Could you please output only the lines from the one holding "Tavolo banchetto sotto archi" through the end of the listing below, exactly as written and without pictures?

_Supplied material_
+ + +
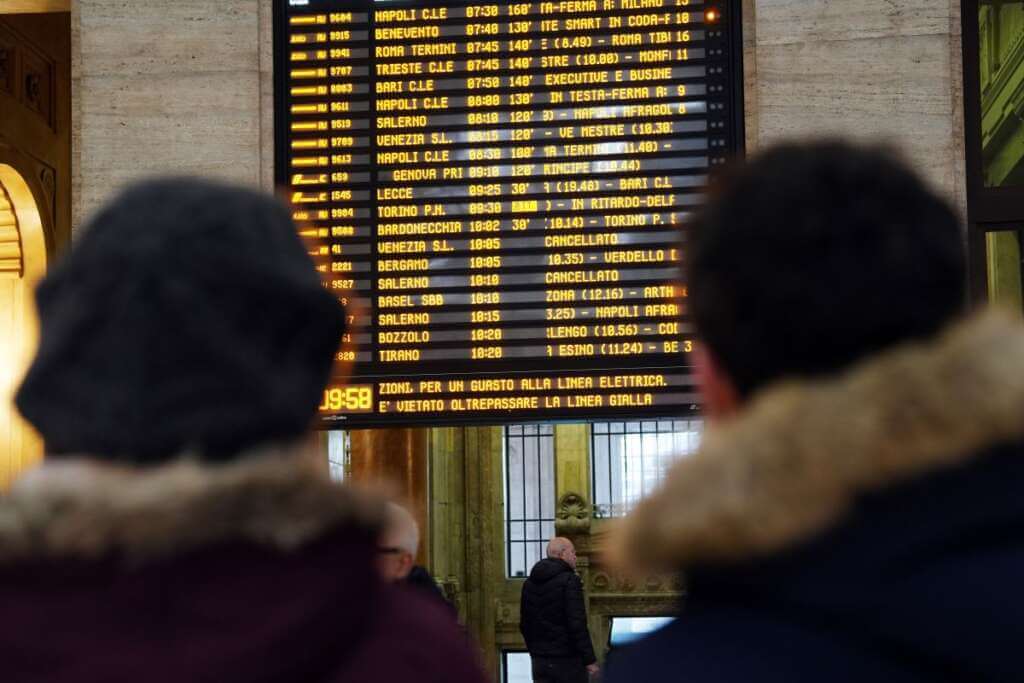Galleria foto 'Treni in ritardo, è record negativo sulla tratta Bari-Roma: il 95% sfora l’orario' - foto 1
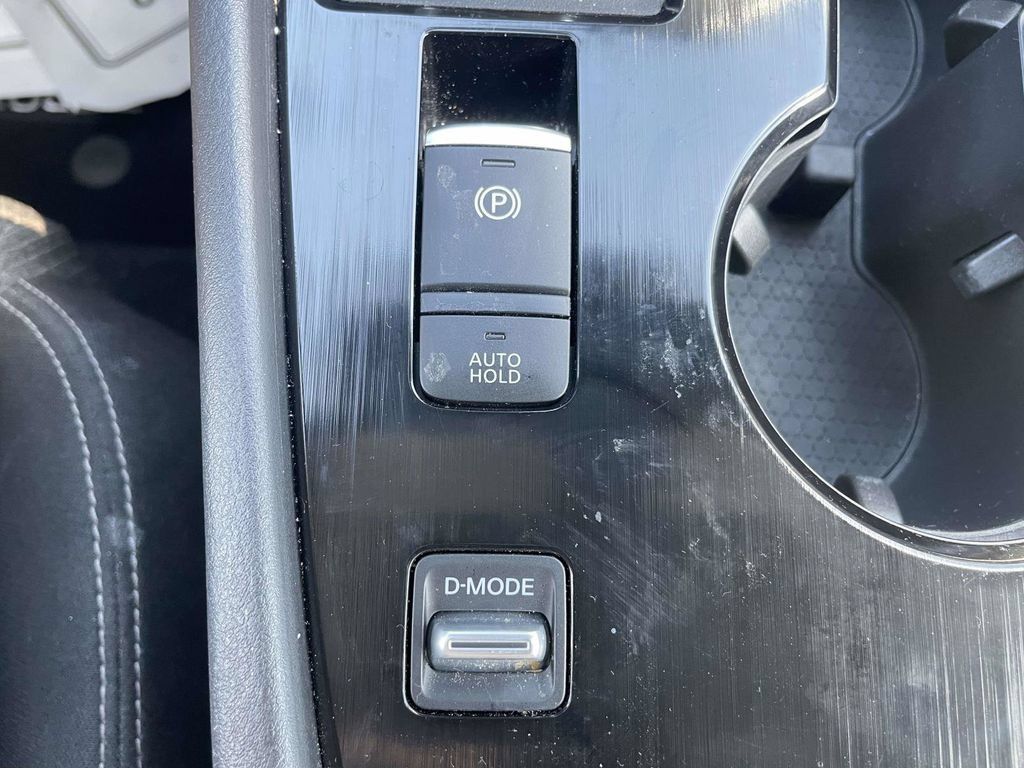 Used 2025 Nissan Rogue SV FWD image 23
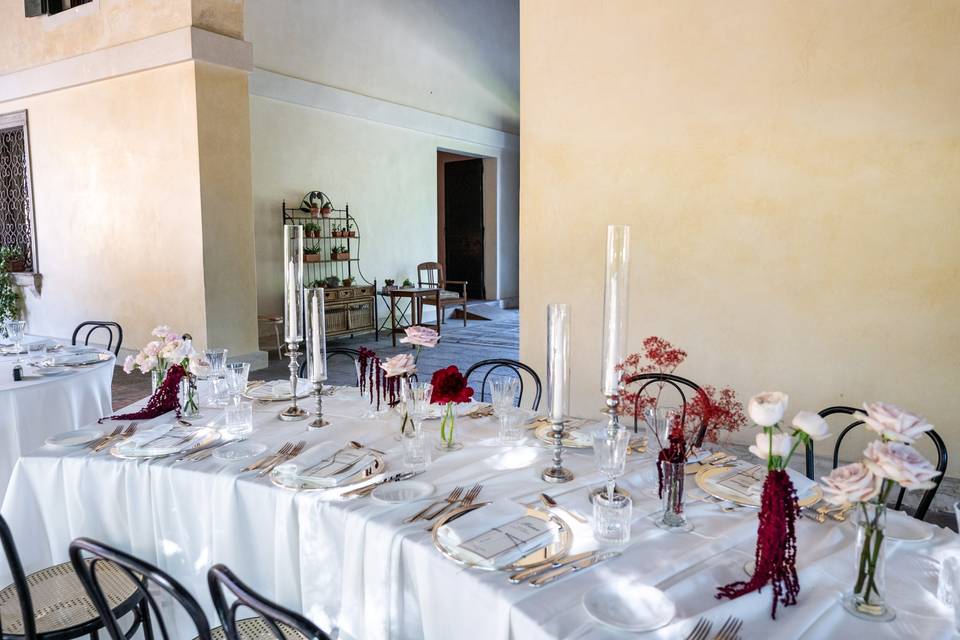 Tavolo banchetto sotto archi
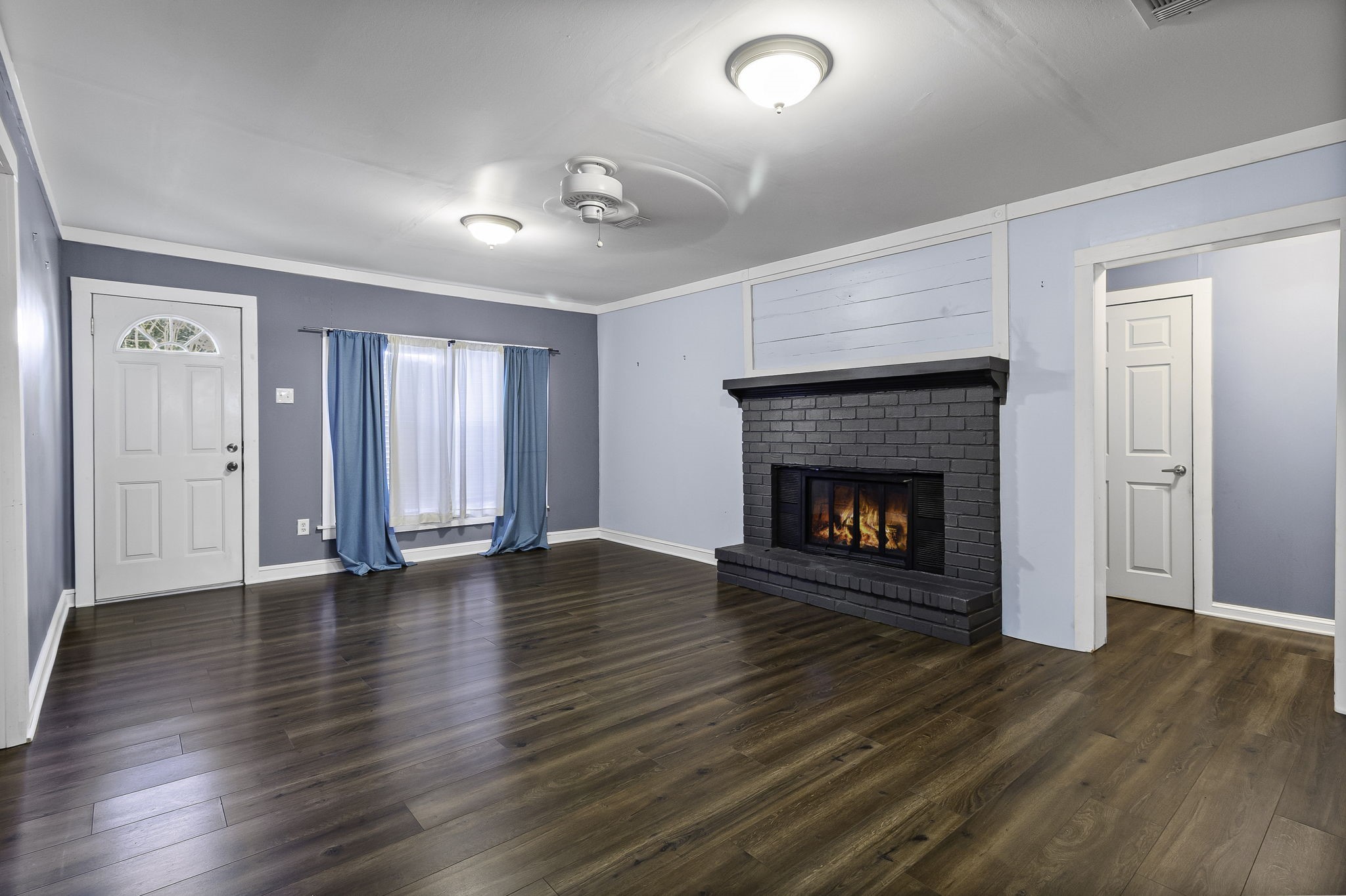 712 N Pine Avenue Property Photo 23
+ + +
_Reply_
 Tavolo banchetto sotto archi
 712 N Pine Avenue Property Photo 23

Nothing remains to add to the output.